** RECORD SET follows **

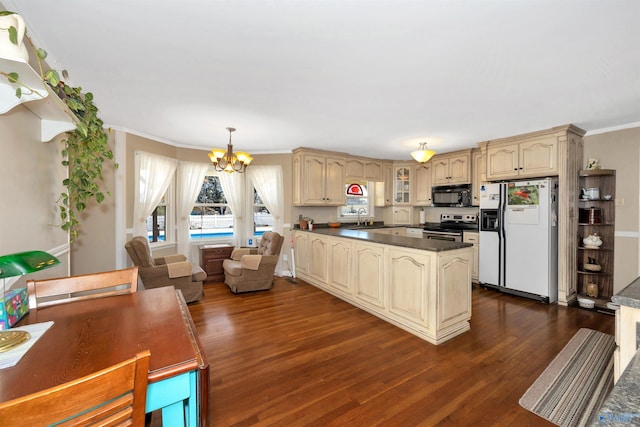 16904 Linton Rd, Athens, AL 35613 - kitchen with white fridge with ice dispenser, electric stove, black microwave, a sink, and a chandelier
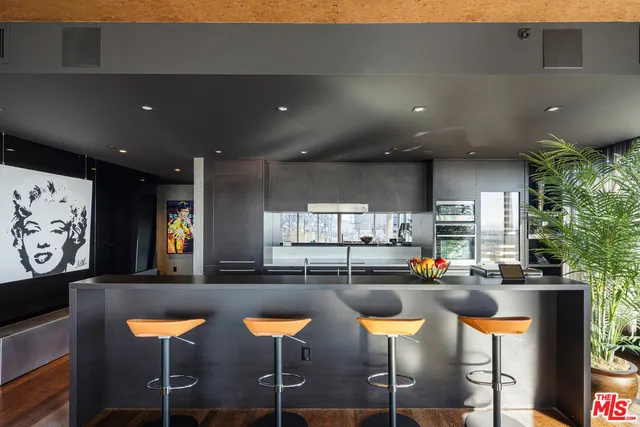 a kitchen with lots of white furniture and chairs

** End of RECORD SET **
** RECORD SET follows **

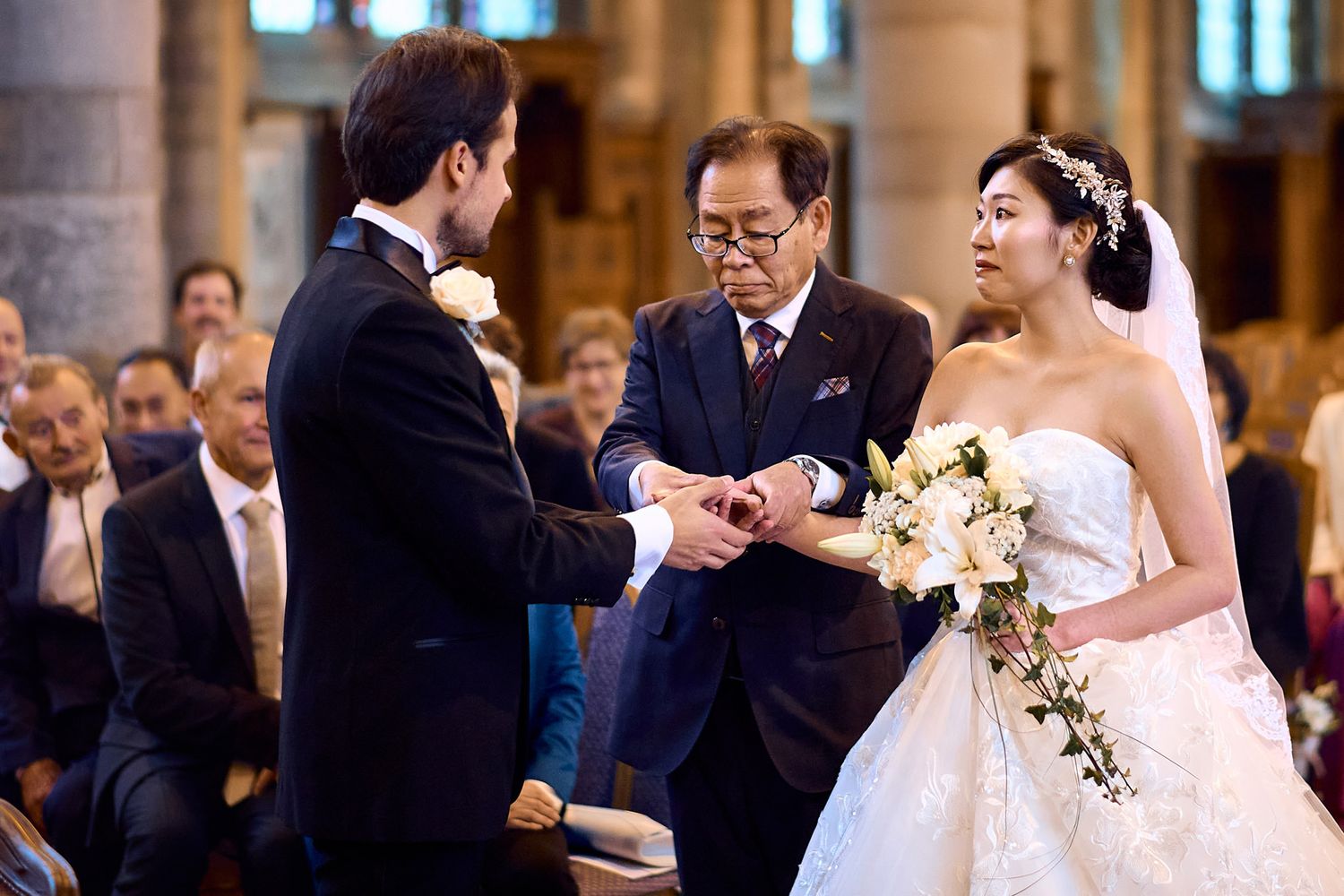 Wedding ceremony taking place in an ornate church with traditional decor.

** End of RECORD SET **
** RECORD SET follows **

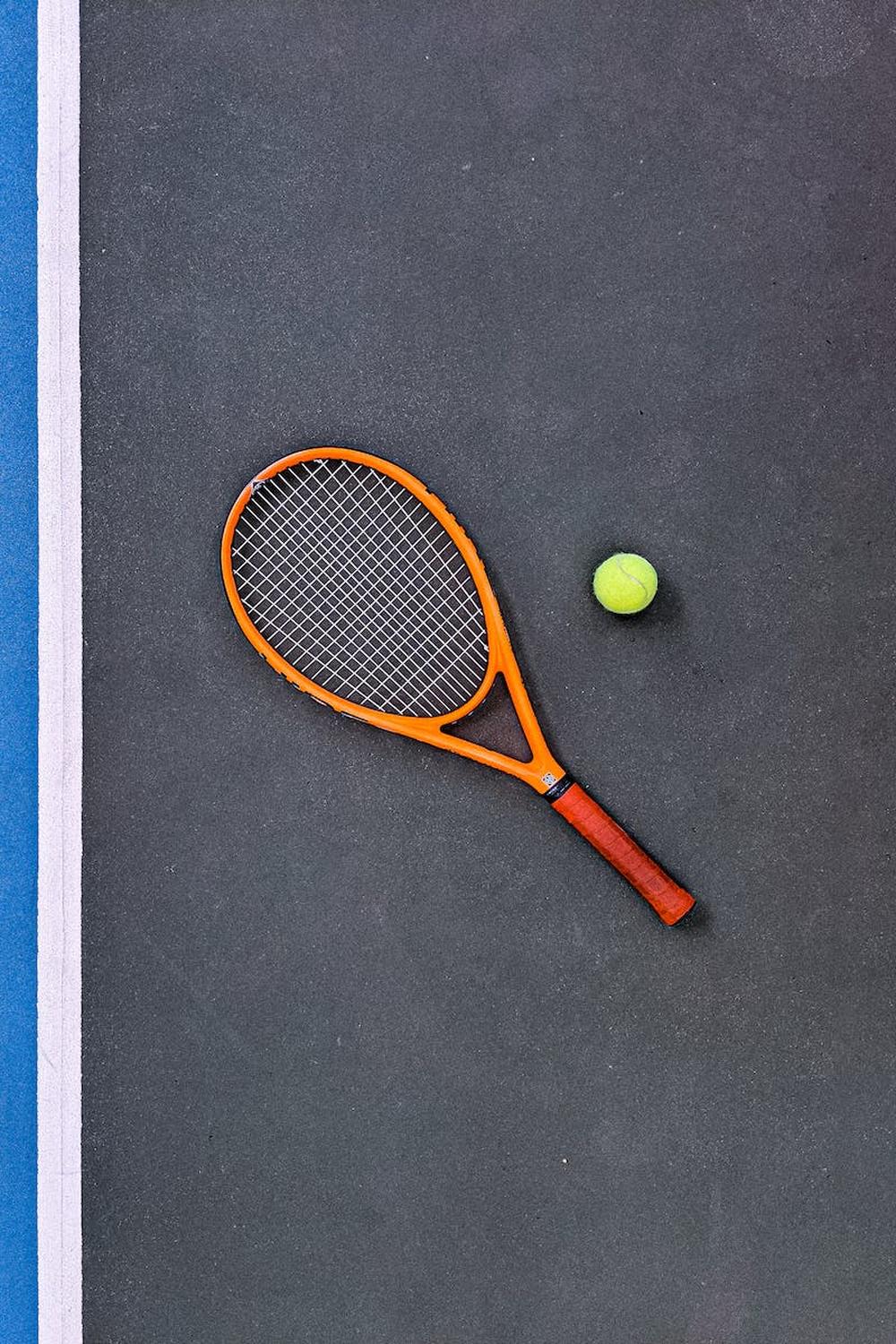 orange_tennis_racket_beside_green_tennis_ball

** End of RECORD SET **

Copy everything above from the line holding "16904 Linton Rd, Athens, AL" down to the line holding "a kitchen with", both ends included, exactly as it stands and without the pictures.

 16904 Linton Rd, Athens, AL 35613 - kitchen with white fridge with ice dispenser, electric stove, black microwave, a sink, and a chandelier
 a kitchen with lots of white furniture and chairs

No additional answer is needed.